(Stored items from a collection)

════════════════════

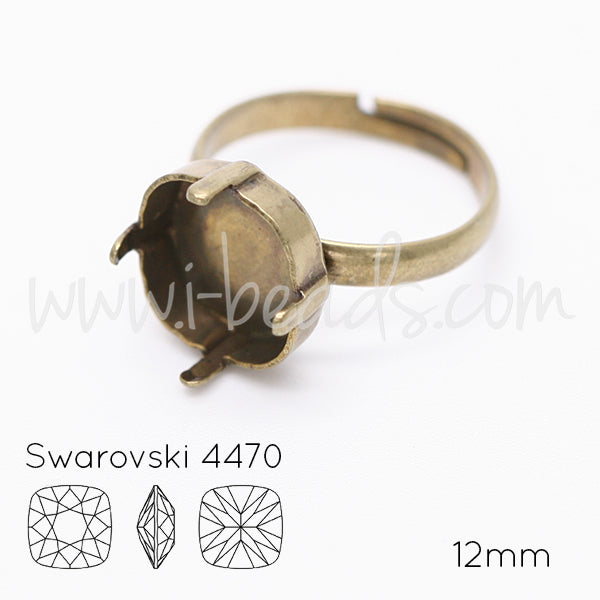 Adjustable ring setting for Swarovski 4470 12mm brass (1)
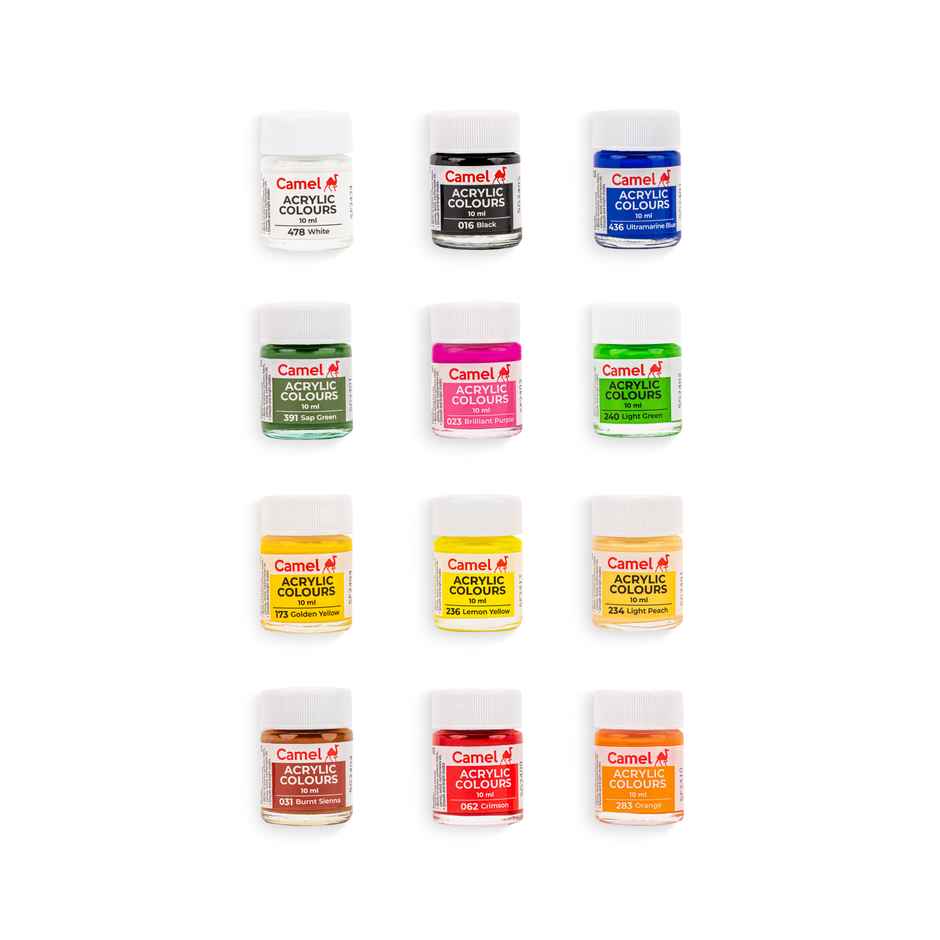 Camel Acrylic Ultra Color - 10Ml Each, 12 Shades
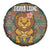 Sierra Leone Spare Tire Cover with Cute Lion Playing Djembe Drum and Tribal Pattern Design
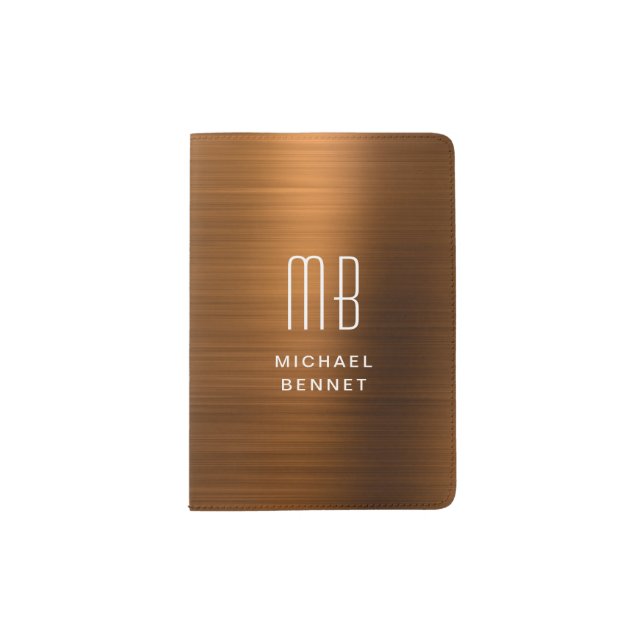 Elegant Monogram Copper Brown Brushed Metallic Passport Holder (Front)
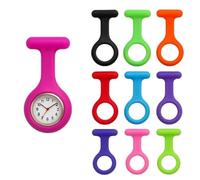 OUTLETISSIMO® Orologio da Infermiere con 10 Cover in Silicone - Fob Watch Tascabile a Spilla - Colori Assortiti - Custodie Lavabili Morbide -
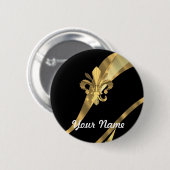 Schwarzes u. gold Fleur de Lys Button (Vorne & Hinten)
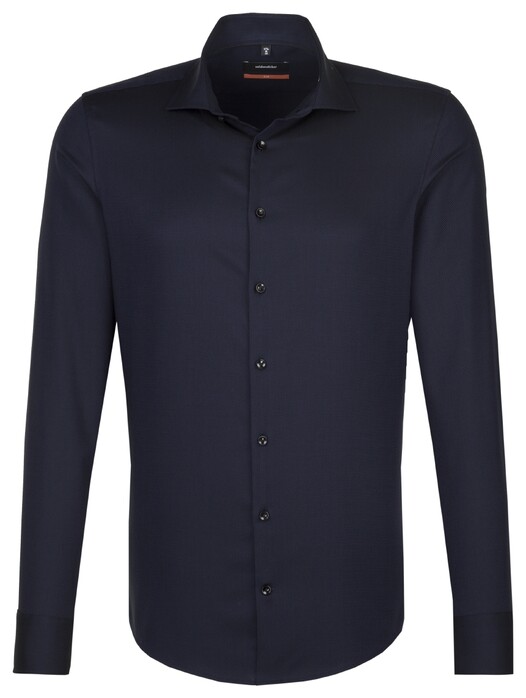 Seidensticker Uni Spread Kent Overhemd Zwart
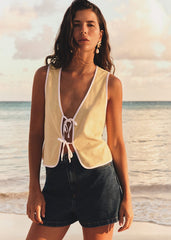 Paulin Top - Pastel Yellow And Ecru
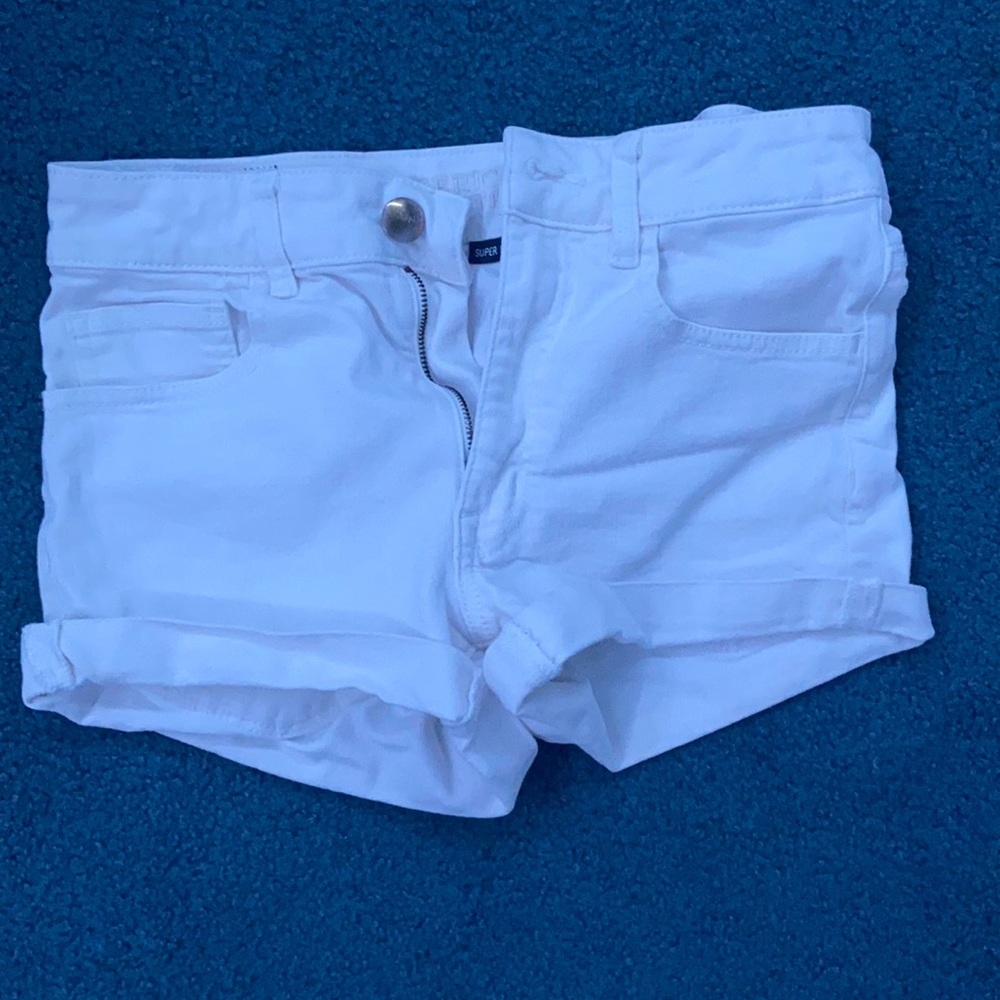 American Eagle White Jean Shorts Super Super Stretch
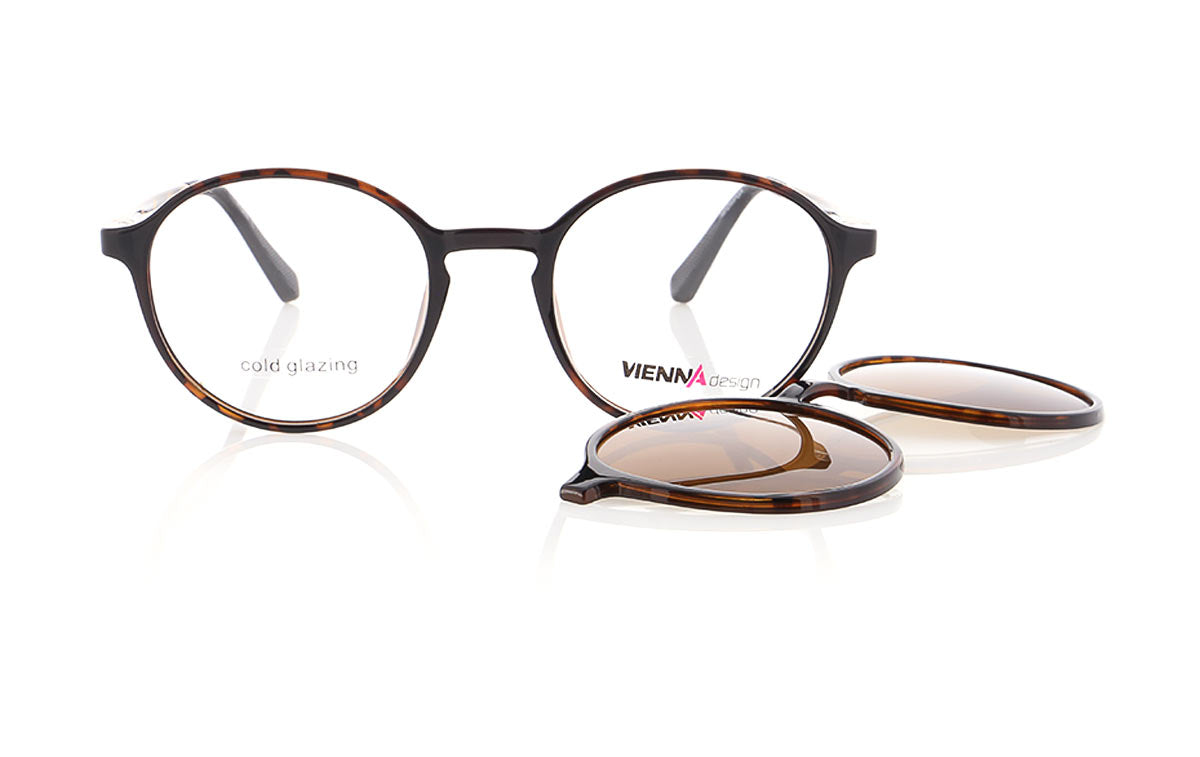 Vienna Design Brille mit Clip UN771-02 braun havanna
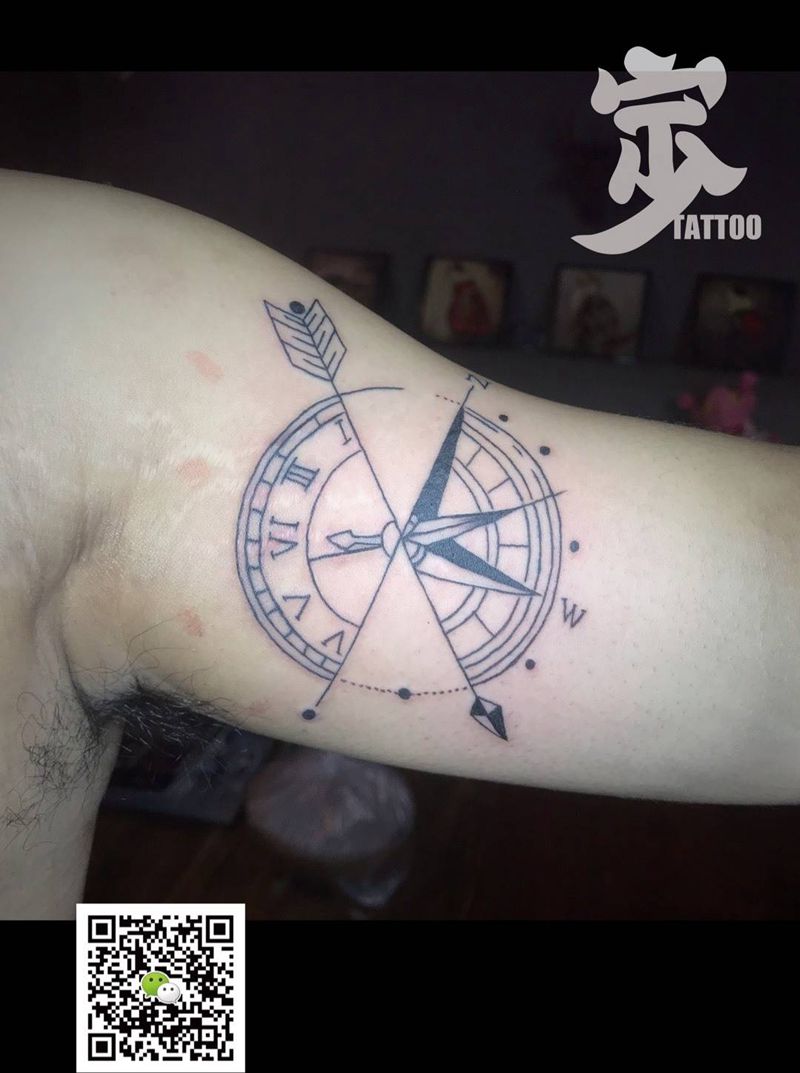 指南针纹身图片_手臂图腾几何纹身图案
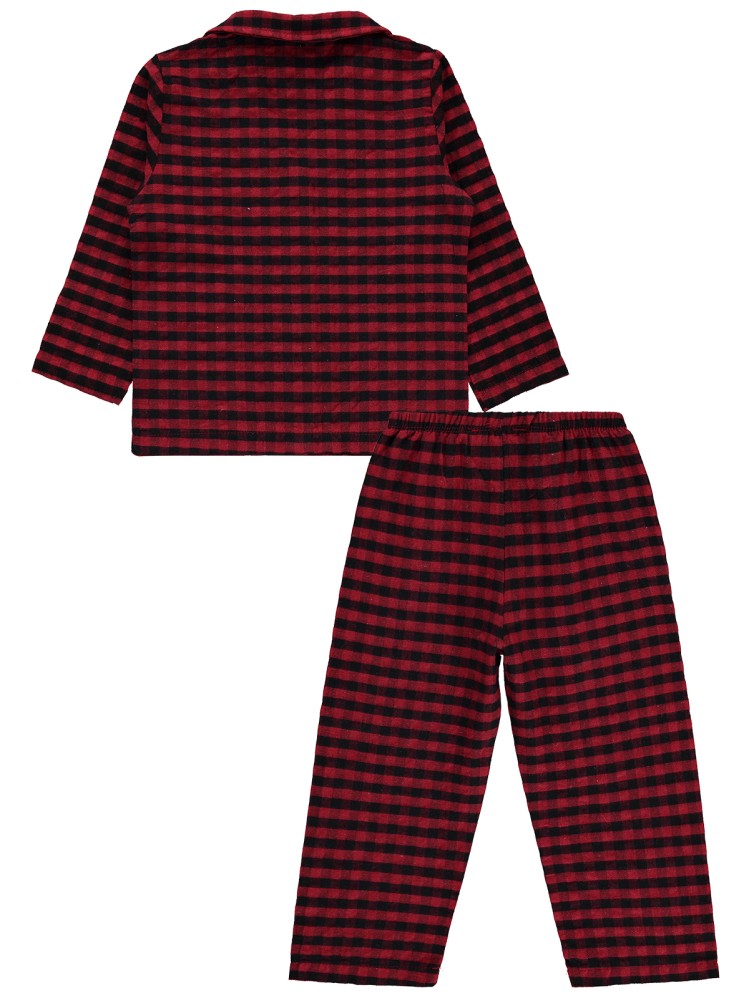 Civil Boys Düğme Detaylı Ekose 2-5 Yaş Pijama Takımı - Kırmızı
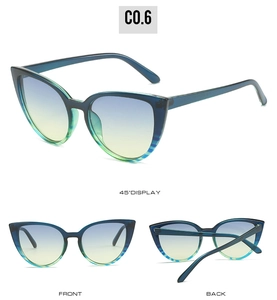 Vues détaillées de lunettes de soleil œil de chat bleues avec rayures et verres dégradés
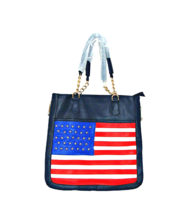 Patriotic USA Flag Chain Handle Shoulder Bag Purse Tote Bag Studs Expandable Zip - £19.34 GBP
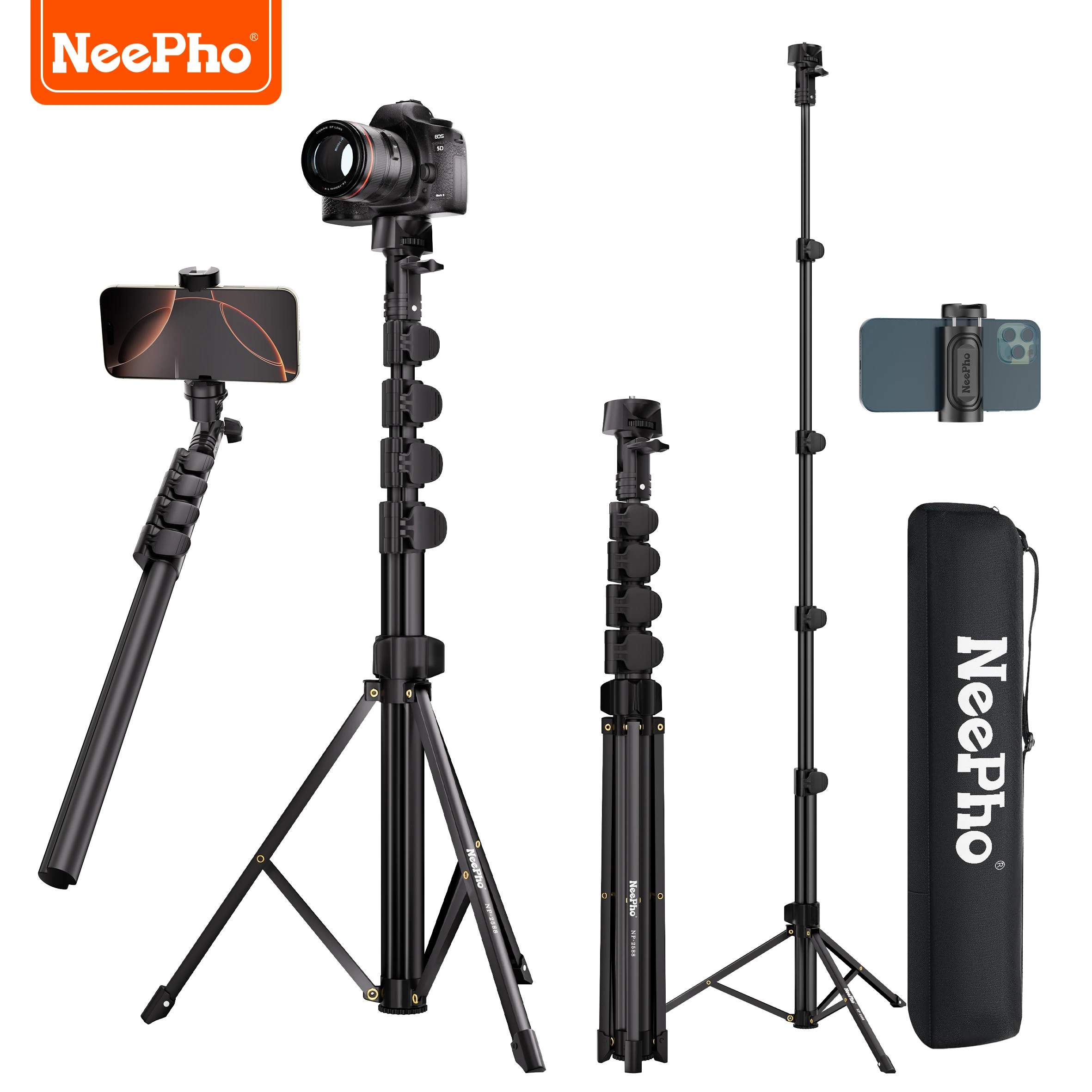 NeePho NP-2588 180cm Multi-angle Aluminum Alloy Tripod Selfie Stick with Cold Shoe Mount, Compatible with Phones and Cameras
NeePho NP-2588 180cm Multi-angle Aluminum Alloy Tripod Selfie Stick with Cold Shoe Mount, Compatible with Phones and Cameras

════════════════════

- _What this task involves_: Reproduce the data exactly, please, and omit its pictures.

- _Task result_:
 Adjustable ring setting for Swarovski 4470 12mm brass (1)
 Camel Acrylic Ultra Color - 10Ml Each, 12 Shades
 Sierra Leone Spare Tire Cover with Cute Lion Playing Djembe Drum and Tribal Pattern Design
 Elegant Monogram Copper Brown Brushed Metallic Passport Holder (Front)
 OUTLETISSIMO® Orologio da Infermiere con 10 Cover in Silicone - Fob Watch Tascabile a Spilla - Colori Assortiti - Custodie Lavabili Morbide -
 Schwarzes u. gold Fleur de Lys Button (Vorne & Hinten)
 Seidensticker Uni Spread Kent Overhemd Zwart
 Paulin Top - Pastel Yellow And Ecru
 American Eagle White Jean Shorts Super Super Stretch
 Vienna Design Brille mit Clip UN771-02 braun havanna
 指南针纹身图片_手臂图腾几何纹身图案
 Civil Boys Düğme Detaylı Ekose 2-5 Yaş Pijama Takımı - Kırmızı
 Vues détaillées de lunettes de soleil œil de chat bleues avec rayures et verres dégradés
 Patriotic USA Flag Chain Handle Shoulder Bag Purse Tote Bag Studs Expandable Zip - £19.34 GBP
 NeePho NP-2588 180cm Multi-angle Aluminum Alloy Tripod Selfie Stick with Cold Shoe Mount, Compatible with Phones and Cameras
NeePho NP-2588 180cm Multi-angle Aluminum Alloy Tripod Selfie Stick with Cold Shoe Mount, Compatible with Phones and Cameras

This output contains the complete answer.